Wednesday, January 02, 2013

Thompson v Hurst: Stack and Jones applied

Lord Justice Etherton
A brief summary of Thompson v Hurst [2012] EWCA Civ 1752 (30 March 2012), reported today on Bailii.

The facts in this case were that from 1983 Miss Hurst was the local authority tenant of the property. In 1985 Mr Thompson moved in and they lived there as a couple. In 2001 Miss Hurst purchased the property. The purchase was in her sole name, as Mr Thompson could not get a mortgage. The couple kept their finances entirely separate, with Miss Hurst paying the rent/mortgage and the utility bills, and Mr Thompson contributing towards the housekeeping.

At first instance, the District judge found that there was a common intention that the Mr Thompson was to have a beneficial share in the property, but there was no common intention about what the beneficial interests should be. She therefore determining what would be fair having regard to the whole course of dealing between the parties in relation to the property, and found that Mr Thompson's beneficial interest was 10 per cent.

Mr Thompson appealed, claiming that the District Judge had failed to apply the principles in Stack v Dowden [2007] UKHL 17 and Jones v Kernott [2011] UKSC 53, and that he should have been acknowledged to be entitled to a 50 per cent beneficial interest.
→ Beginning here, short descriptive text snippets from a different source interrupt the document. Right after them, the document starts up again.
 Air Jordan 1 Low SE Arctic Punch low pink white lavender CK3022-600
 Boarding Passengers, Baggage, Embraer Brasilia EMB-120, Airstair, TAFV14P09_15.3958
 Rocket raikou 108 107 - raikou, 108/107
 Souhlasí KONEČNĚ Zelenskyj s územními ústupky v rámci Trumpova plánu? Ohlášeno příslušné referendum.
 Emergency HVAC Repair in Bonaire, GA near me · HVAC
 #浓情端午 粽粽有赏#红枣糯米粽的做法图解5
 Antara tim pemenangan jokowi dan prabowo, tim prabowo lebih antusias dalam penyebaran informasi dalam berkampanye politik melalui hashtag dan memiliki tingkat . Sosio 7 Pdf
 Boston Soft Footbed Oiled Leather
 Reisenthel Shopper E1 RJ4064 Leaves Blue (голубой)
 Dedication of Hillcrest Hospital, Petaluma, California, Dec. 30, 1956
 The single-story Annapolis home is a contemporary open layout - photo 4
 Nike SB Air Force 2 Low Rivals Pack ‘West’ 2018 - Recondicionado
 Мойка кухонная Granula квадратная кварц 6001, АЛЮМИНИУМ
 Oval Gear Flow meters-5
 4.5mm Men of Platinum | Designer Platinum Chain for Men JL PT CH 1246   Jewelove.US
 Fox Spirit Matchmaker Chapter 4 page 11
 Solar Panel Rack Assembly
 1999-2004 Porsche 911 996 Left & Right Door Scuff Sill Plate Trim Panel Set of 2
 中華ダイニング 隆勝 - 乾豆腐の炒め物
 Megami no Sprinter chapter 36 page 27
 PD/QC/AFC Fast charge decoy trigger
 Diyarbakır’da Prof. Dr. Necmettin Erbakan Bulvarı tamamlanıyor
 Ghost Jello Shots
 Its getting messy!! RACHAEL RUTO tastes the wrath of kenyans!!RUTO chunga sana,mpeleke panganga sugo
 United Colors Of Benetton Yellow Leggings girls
Giving the leading judgment in the Court of Appeal, Lord Justice Etherton dismissed the argument put forward on behalf of Mr Thompson that this should have been treated as a joint legal owner case, as the property would have been purchased in joint names if Mr Thompson had been able to get a mortgage. The District Judge had proceeded correctly and in accordance with the principles in Stack and Jones applicable to sole legal owner cases, and her determination of the parties' respective shares had been carried out "in a careful and exemplary fashion". Accordingly, the appeal was dismissed.

Giving a consenting judgment, Lord justice Lewison pointed out:
"The principles have been authoritatively laid down by the House of Lords in Stack v Dowden and the Supreme Court in Jones v Kernott but it is illuminating to see how those principles are applied. In Stack v Dowden at paragraph 92, Baroness Hale said this:
"This is therefore a very unusual case. There cannot be many unmarried couples who have lived together for as long as this, who have four children, and whose affairs have been kept as rigidly separate as this couple's affairs were kept. This is all strongly indicative that they did not intend their shares, even in the property which was put into both their names, to be equal, still less that they intended a beneficial joint tenancy with a right of survivorship should one of them die before it was severed."
Apart from the number of children, that paragraph could be applied to this case word for word."
Lord Justice Thorpe also gave a consenting judgment.

2 comments:

  1. I'm struggling to understand how he got anything. If his only contribution was to housekeeping expenses, where was the detrimental reliance for a constructive trust?
    I suppose I need to read the whole judgment but I thought Stack simply affirmed the "Equity follows the law" principle.

    ReplyDelete
    Replies
    1. Yes, see paragraphs 8 - 15 of the judgment.